_Exercise:_
Exactly the lines from the one containing "More Photos Of" through the end of the records must be reproduced; leave out all pictures.
---- Data to examine
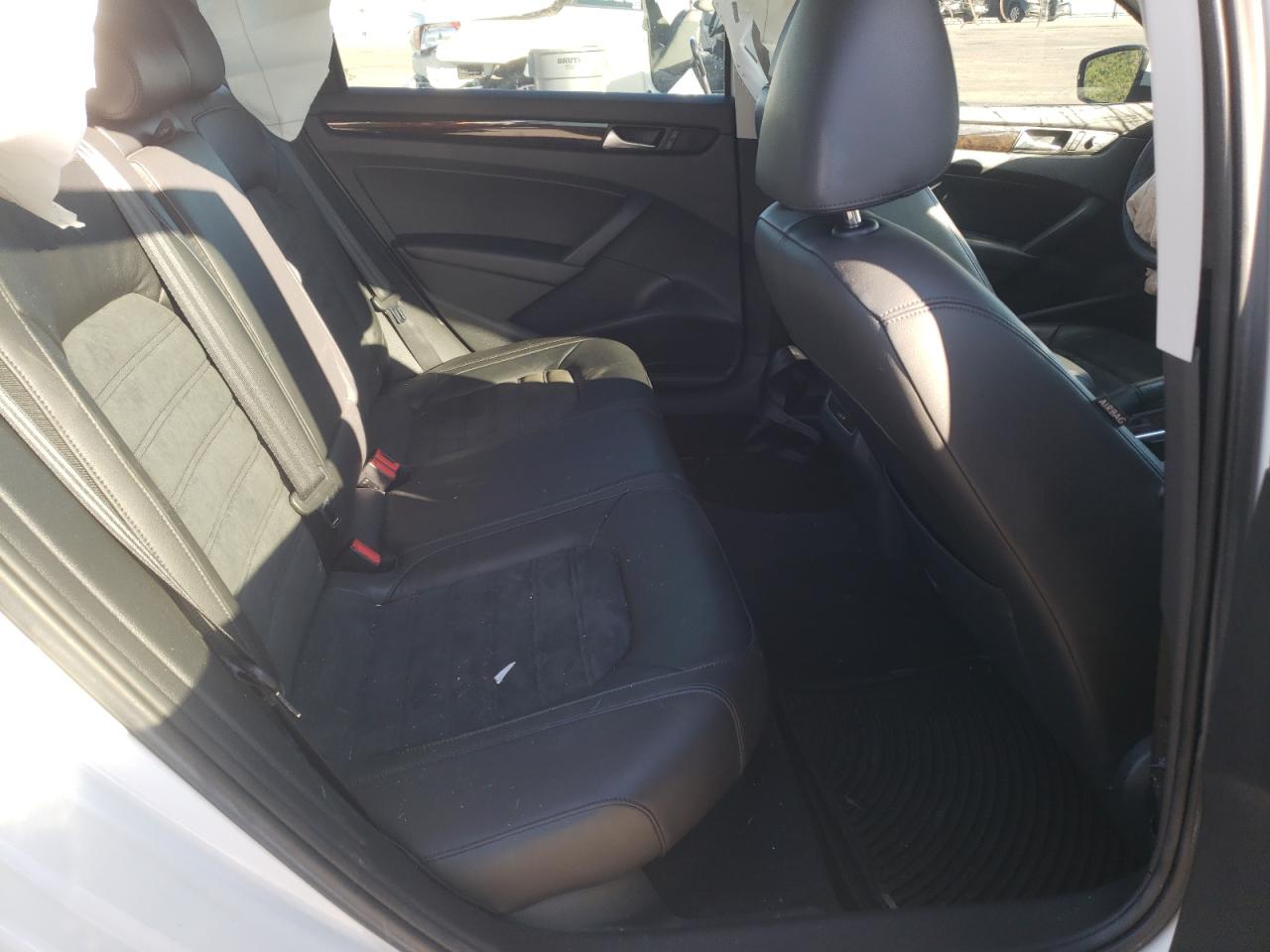 Photo 6 from auction – 2014 VOLKSWAGEN PASSAT SEL with VIN 1VWCN7A33EC004952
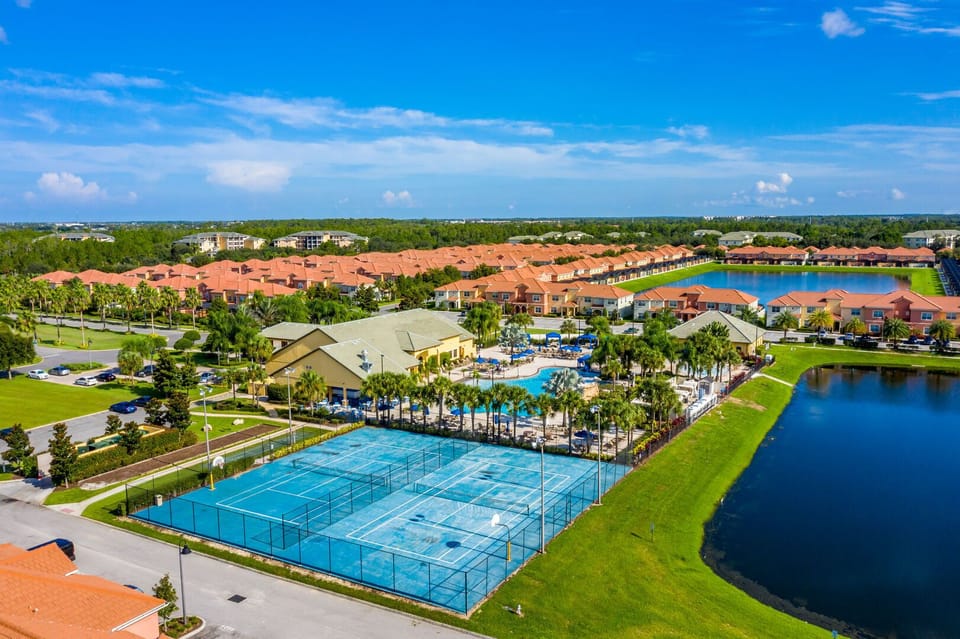 Townhome, 4 Bedrooms, Non Smoking, Kitchen | 4 bedrooms, iron/ironing board, cribs/infant beds, free WiFi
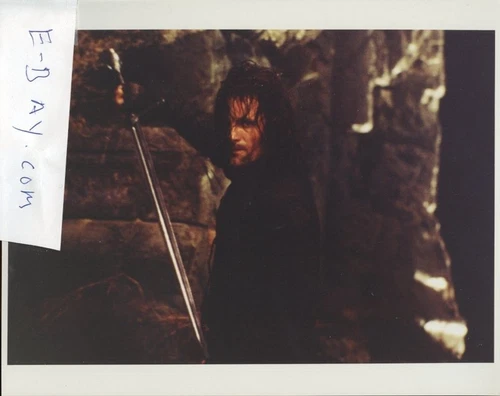 PETER JACKSON'S LORD OF THE RINGS VINTAGE 1990S  8X10   PHOTO  B5908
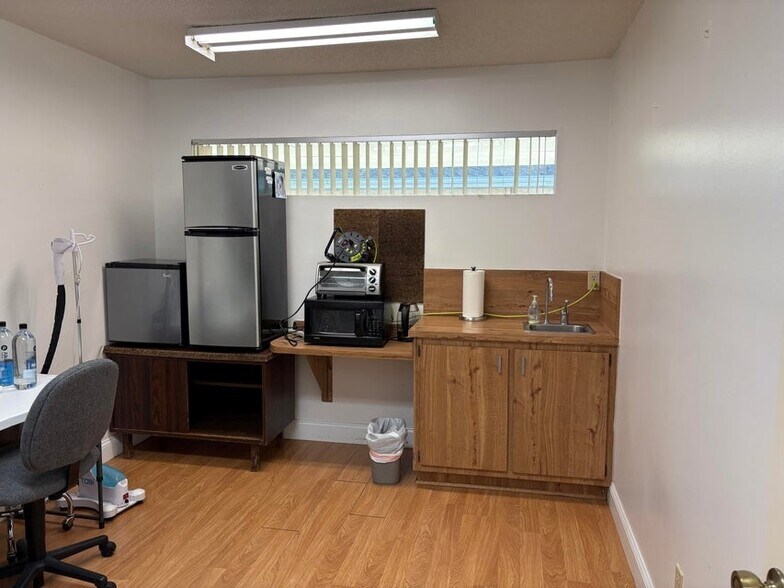 More Photos Of 1900 Nebraska Ave, Fort Pierce Medical For Lease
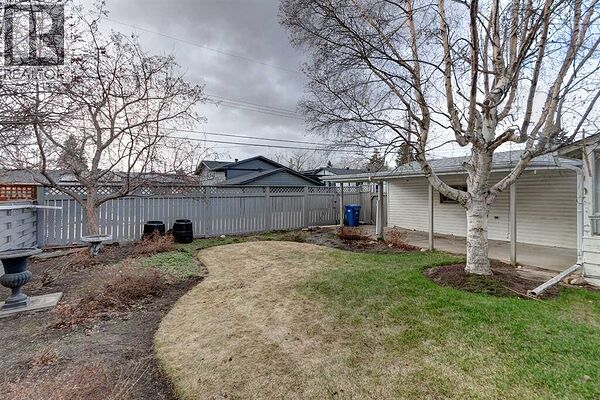 Calgary 4 bedrooms House for rent. Property photo: 751660-2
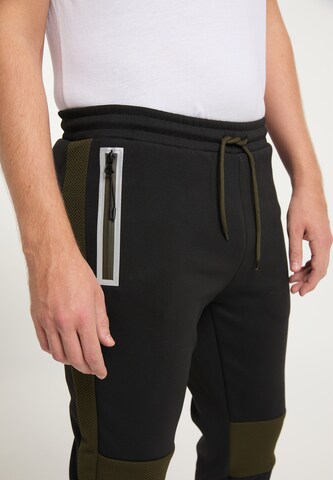 Mo SPORTS Tapered Hose in Schwarz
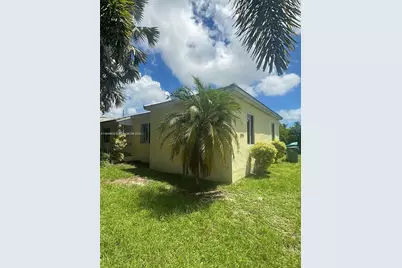 1015 NE 112th St #N, Biscayne Park, FL 33161 - Photo 1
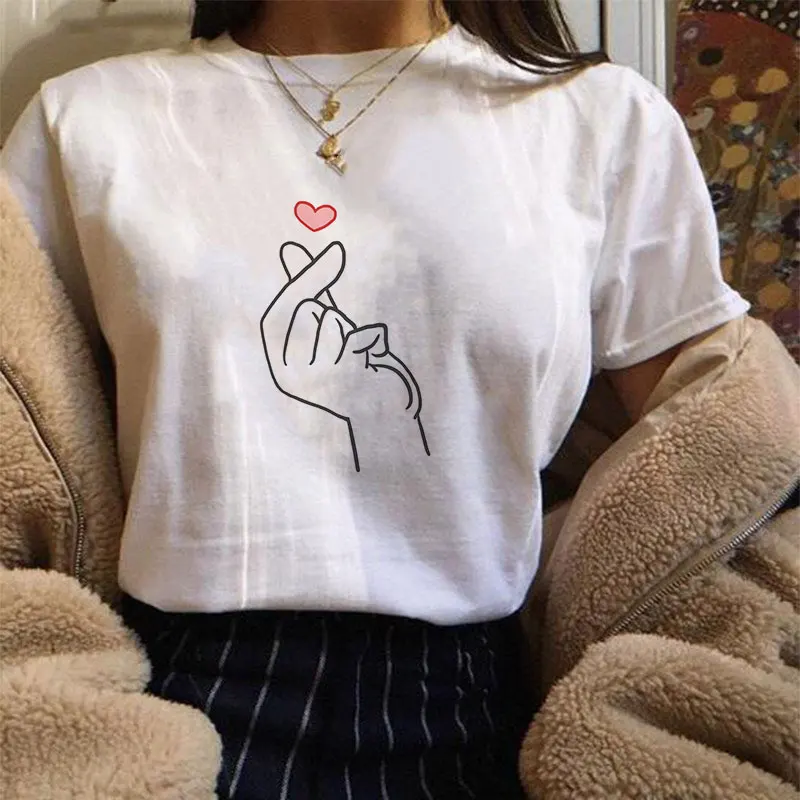 

Summer Women Tops Korean Style Kpop Finger Heart Print O-neck Short Sleeve Ulzzang Tees Harajuku Fashion T Shirt Couple Clothes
--------
_Reply:_
 More Photos Of 1900 Nebraska Ave, Fort Pierce Medical For Lease
 Calgary 4 bedrooms House for rent. Property photo: 751660-2
 Mo SPORTS Tapered Hose in Schwarz
 1015 NE 112th St #N, Biscayne Park, FL 33161 - Photo 1

Summer Women Tops Korean Style Kpop Finger Heart Print O-neck Short Sleeve Ulzzang Tees Harajuku Fashion T Shirt Couple Clothes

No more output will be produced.